You would be shocked at how few entrepreneurs—even the best ones—have a clear understanding of how to answer this question (or have even thought about it).
Most great startups are best in the world at something, even if that something isn’t big at first. Think about recent success stories: Instagram, Facebook, Zynga, and so on. Each one was clearly best in the world at something very specific.
In my hometown of Seattle, multiple startups can claim they are best in the world at something. If you want to buy a home and plan to utilize the best online resources, Redfin is best in the world at that. If you are a mom and want to find a good deal on clothes or a stroller, Zulily is better than anyone else. Tableau is best in the world at helping you to visualize big data. Apptio is better than anyone at helping CIOs manage the cost of their exploding IT infrastructure. Decide is the best in the world at telling you whether the price of what you are thinking of buying will go up or down in the future.
I don’t think you need to be best in the world to have a good business.
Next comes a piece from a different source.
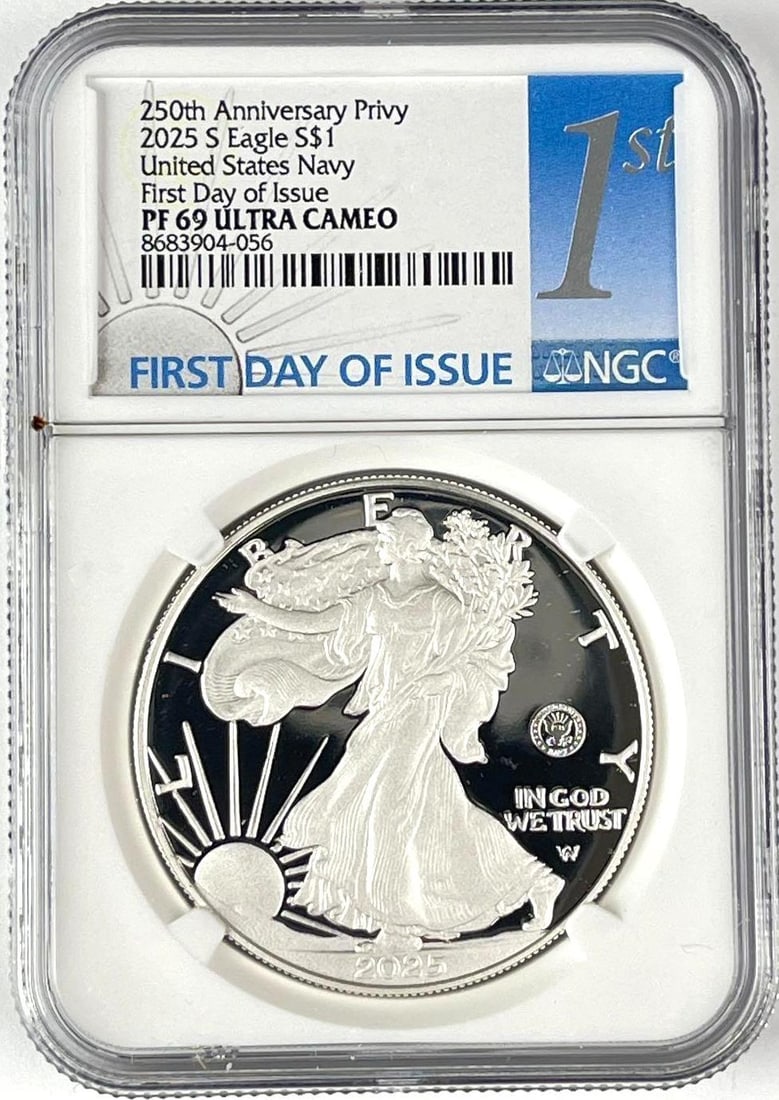2025 S US $1 American Silver Eagle 1 oz Fine Silver Coin NGC PF69 Ultra Cameo (1 of 2)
You can be profitable and successful by just being good at something. To grow a billion-dollar business, though, you need to be the best.
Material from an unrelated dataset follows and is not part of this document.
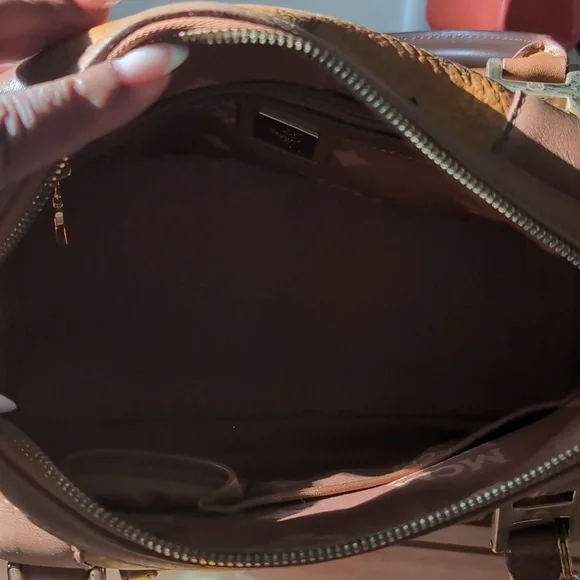 AUTHENTIC MCM Cognac Visetos Tote Bag Boston Bag - Picture 5 of 7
When I give pitch advice to entrepreneurs, I focus on this best-in-the-world point. Tell me what you are (going to be) best in the world at up front and why that’s important. If you are successful at convincing an investor, angel or VC, that you can be better than anyone else at something, you are likely coming back for a second meeting. More importantly, if you figure out what you’re truly best at, you are on your way to building something truly meaningful.